MANAGEMENT METHOD FOR INTERNET PROTOCOL SHARING COMMUNICATION MECHANISM

Abstract

A management method for an Internet protocol sharing communication mechanism comprises the steps of: setting up a plurality of rules for an Internet protocol sharing communication mechanism; providing a schedule divided into different time slots; assigning one rule from the rules for the Internet protocol sharing communication mechanism for each time slot of the schedule; and conducting a network communication according to the assigned rules.

Description

BACKGROUND OF THE INVENTION

1. Field of the Invention

The present invention relates to a method for managing an Internet communication mechanism, and more particularly, to method for managing an Internet protocol sharing communication mechanism.

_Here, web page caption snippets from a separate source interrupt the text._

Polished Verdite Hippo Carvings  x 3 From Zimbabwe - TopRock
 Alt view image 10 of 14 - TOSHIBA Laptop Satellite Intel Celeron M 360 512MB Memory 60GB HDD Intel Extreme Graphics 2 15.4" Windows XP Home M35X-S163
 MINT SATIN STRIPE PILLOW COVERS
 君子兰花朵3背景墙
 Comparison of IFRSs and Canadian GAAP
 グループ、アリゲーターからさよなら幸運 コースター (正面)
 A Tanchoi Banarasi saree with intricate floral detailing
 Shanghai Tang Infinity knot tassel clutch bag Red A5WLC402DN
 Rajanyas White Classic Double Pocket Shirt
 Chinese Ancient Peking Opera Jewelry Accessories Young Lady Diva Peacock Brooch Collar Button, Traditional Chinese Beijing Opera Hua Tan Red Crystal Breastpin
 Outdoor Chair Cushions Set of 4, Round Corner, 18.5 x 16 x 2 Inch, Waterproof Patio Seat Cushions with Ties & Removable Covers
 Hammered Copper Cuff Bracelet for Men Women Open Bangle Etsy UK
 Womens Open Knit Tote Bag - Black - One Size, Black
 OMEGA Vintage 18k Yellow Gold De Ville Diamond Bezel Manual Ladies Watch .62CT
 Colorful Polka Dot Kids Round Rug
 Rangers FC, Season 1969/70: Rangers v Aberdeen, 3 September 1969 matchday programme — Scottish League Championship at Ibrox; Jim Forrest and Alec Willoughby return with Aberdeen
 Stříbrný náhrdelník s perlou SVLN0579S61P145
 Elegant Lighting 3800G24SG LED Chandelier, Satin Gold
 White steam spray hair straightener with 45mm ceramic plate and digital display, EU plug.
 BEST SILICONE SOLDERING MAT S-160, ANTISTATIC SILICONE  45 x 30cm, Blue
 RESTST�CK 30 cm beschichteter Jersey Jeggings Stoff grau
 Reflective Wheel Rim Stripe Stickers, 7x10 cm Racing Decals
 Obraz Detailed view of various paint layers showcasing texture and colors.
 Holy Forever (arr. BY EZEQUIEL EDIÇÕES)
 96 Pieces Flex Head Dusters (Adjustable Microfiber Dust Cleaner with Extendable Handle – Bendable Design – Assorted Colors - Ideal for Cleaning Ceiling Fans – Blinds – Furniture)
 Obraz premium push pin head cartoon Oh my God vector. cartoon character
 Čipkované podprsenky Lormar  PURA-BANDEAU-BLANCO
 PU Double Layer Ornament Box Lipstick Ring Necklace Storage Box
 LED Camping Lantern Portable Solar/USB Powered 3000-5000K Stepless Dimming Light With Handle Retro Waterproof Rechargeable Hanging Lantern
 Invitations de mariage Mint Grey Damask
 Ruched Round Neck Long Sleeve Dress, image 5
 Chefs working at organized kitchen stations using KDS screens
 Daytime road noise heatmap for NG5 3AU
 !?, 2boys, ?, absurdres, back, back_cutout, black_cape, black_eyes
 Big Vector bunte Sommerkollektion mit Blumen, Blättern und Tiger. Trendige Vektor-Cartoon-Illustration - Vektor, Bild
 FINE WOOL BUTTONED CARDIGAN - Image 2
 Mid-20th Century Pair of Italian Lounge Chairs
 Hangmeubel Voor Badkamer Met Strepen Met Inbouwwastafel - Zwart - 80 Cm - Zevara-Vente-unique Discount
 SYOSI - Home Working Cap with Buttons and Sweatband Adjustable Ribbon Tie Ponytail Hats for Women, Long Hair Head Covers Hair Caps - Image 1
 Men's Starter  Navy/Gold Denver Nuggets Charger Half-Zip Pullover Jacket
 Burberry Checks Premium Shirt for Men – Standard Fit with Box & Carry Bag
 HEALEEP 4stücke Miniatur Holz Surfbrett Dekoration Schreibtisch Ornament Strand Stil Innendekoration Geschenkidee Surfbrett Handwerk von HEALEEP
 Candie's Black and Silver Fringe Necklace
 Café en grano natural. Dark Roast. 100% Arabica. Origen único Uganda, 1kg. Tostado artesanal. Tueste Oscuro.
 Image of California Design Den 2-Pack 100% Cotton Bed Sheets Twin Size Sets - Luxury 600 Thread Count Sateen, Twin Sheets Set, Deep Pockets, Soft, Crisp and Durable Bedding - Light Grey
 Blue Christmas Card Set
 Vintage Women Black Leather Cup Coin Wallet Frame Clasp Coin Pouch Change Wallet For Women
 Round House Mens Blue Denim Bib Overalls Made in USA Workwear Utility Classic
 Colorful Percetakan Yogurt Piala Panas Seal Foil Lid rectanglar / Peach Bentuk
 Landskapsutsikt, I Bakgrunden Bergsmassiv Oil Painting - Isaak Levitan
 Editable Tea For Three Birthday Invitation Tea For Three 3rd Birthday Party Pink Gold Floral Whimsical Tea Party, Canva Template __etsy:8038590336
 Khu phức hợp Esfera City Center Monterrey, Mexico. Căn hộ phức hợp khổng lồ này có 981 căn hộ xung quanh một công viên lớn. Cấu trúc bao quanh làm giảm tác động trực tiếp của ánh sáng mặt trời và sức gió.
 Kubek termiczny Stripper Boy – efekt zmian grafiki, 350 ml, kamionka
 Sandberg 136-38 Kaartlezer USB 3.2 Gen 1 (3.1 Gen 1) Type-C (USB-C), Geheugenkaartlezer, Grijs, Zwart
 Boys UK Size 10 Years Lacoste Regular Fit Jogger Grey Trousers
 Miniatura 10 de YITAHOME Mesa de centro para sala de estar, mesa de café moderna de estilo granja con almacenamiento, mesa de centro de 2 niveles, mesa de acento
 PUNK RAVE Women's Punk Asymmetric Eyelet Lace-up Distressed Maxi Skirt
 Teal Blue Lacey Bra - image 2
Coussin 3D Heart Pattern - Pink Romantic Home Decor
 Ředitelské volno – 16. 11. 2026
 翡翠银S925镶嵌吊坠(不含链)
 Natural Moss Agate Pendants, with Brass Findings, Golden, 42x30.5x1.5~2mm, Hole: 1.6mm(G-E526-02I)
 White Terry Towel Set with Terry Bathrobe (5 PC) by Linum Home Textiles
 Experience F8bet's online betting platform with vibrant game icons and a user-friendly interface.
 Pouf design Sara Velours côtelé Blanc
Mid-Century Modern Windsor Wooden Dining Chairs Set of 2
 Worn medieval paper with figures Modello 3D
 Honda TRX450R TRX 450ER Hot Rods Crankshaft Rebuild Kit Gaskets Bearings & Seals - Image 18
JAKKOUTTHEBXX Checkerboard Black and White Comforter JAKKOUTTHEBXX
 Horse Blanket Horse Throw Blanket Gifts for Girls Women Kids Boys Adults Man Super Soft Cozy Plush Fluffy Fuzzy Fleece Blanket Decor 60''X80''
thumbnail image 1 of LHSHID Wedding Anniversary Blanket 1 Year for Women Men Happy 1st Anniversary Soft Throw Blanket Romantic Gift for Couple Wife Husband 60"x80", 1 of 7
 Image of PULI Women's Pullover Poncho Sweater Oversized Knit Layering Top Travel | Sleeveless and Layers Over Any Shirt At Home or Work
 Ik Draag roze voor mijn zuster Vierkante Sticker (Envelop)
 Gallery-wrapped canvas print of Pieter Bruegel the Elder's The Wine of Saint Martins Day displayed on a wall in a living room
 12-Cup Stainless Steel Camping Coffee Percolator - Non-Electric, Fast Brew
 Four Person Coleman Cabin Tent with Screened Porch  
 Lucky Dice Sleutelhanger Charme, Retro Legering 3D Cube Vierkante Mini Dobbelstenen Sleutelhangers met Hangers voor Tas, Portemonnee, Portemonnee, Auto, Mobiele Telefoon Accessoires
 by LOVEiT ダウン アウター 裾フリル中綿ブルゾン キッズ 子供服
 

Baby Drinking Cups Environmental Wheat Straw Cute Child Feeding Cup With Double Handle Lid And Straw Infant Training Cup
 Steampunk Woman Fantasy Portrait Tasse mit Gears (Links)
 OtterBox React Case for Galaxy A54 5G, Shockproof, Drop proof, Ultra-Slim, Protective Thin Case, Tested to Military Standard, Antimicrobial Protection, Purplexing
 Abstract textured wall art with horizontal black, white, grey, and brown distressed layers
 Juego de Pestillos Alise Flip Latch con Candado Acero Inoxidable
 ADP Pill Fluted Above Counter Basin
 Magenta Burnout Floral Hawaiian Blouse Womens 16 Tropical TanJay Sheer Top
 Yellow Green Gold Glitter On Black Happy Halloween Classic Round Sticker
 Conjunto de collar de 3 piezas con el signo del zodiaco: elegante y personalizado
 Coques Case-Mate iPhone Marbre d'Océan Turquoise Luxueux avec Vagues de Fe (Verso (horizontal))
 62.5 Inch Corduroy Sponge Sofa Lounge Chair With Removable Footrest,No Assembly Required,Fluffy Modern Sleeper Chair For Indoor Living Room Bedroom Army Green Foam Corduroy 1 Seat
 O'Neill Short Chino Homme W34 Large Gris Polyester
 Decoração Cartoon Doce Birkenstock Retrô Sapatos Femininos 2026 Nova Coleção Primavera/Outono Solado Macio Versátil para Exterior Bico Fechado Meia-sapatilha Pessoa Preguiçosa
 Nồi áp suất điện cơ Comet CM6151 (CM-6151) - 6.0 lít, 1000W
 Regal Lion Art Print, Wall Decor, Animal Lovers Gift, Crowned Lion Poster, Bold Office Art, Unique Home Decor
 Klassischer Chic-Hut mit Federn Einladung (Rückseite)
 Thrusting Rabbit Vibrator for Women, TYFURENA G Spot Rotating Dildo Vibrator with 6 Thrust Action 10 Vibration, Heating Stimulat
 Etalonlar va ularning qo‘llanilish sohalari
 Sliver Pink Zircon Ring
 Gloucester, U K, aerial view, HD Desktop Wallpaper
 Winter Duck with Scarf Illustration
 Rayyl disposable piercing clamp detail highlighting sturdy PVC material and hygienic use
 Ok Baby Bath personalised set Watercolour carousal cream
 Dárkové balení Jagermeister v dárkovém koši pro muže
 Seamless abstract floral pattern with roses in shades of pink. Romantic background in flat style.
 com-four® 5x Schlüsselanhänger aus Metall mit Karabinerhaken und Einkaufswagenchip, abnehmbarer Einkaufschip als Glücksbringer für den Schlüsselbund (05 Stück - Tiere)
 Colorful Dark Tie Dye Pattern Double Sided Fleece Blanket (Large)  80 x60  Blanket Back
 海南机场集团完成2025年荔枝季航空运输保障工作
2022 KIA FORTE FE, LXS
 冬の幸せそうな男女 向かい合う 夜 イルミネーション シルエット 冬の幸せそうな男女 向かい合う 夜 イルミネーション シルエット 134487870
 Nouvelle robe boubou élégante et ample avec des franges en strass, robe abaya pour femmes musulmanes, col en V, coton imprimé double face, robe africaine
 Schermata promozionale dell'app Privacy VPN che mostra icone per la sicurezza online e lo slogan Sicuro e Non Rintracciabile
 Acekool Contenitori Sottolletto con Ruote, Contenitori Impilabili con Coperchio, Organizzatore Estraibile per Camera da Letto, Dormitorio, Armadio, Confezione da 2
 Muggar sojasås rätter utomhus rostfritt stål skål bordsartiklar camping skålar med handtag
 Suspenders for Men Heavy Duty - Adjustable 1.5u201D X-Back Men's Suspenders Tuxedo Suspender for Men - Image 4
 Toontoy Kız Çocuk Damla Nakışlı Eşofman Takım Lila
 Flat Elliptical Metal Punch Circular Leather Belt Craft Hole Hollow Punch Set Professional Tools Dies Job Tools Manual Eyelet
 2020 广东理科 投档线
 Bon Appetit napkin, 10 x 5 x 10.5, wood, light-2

2. Description of the Related Art

To connect to the Internet, a client, such as a personal computer, often requires an Internet protocol (IP) address to be recognized by other users on the Internet. Generally, an Internet service provider (ISP) will provide a user one or several IP addresses. Accordingly, end user might need to buy an IP sharing device if the number of physical IP addresses is not sufficient. However, an IP sharing communication mechanism, such as an IP router, can satisfy the user's requirement.

An IP sharing communication mechanism can generate a plurality of virtual IP addresses based on a single physical IP address to allow several clients to connect to the Internet simultaneously. Since these clients actually connect to the Internet based on one or more physical IP addresses, they need to share the network bandwidth. For example, for other users on the Internet, the connection to the Internet via an IP router is done using a single physical IP address. Therefore, the IP router requires a processer unit to process the transmission and reception of packets. The processer unit can decide the destination of the packets transmitted by the IP router and the client to which the packets received by the IP router belong.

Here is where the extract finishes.